= Rob McElwee =

Robert "Rob" McElwee (born 21 January 1961, Burton upon Trent, Staffordshire) is a weather forecaster. He was BBC Weather's longest-serving weather forecaster since the departure of Michael Fish. He presented forecasts on BBC News, BBC World News, BBC Radio 4, BBC Radio 2, BBC Radio 5 Live and BBC One. He was also a regular weather presenter on the BBC News at Ten and the BBC News at Six, having previously forecast on the BBC News at One.
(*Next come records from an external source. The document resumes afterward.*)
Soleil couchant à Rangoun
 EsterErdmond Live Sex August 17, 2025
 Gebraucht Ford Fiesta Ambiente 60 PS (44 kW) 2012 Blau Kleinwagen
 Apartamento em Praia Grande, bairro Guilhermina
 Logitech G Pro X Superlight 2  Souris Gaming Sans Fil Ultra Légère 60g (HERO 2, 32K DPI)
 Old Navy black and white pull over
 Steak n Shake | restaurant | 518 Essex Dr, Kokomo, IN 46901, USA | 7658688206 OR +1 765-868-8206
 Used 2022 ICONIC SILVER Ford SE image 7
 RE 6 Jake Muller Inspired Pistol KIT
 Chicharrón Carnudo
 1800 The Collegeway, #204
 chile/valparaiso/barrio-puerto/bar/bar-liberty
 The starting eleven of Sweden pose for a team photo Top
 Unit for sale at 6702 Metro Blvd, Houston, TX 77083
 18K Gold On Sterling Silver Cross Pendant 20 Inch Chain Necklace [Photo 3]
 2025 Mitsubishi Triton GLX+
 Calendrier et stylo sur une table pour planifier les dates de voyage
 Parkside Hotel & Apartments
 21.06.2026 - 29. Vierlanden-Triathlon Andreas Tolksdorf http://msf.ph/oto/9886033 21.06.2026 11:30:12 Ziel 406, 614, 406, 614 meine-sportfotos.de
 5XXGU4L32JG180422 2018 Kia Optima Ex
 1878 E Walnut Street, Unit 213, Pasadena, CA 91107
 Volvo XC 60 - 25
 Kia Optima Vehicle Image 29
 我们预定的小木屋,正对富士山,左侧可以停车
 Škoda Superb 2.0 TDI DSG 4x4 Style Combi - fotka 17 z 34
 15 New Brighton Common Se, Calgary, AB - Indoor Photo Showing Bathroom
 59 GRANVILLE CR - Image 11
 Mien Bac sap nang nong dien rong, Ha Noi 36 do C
According to his LinkedIn page, since December 2014, McElwee is a senior weather presenter for Al Jazeera.

==Early life==
He gained an HNC in maths, statistics and physics from Reading College of Technology (now Reading College).

==Career==
McElwee joined the Met Office in 1982, working as a weather observer, spending most of the next eight years observing the weather on the Army Air Corps base at Netheravon on Salisbury Plain. Following this, he trained as a forecaster and worked at airbases in East Anglia.

He joined the BBC Weather Centre in May 1991, making his first appearance in July. He is a Fellow of the Royal Meteorological Society. In 2009, he lived with his wife Rosanne MacMillan (previously a continuity announcer for BBC TV) and sons in Buckinghamshire.

McElwee presented his final forecast on BBC One on 10 January 2011, during which he forecast rain with chances of snow for most of the UK. He ended the forecast saying, "'Till then, a bit of snow still. That's it from me. That's it from me, really. Goodnight." He was moved to backroom forecasting duties by the Met Office as part of a cost-cutting exercise.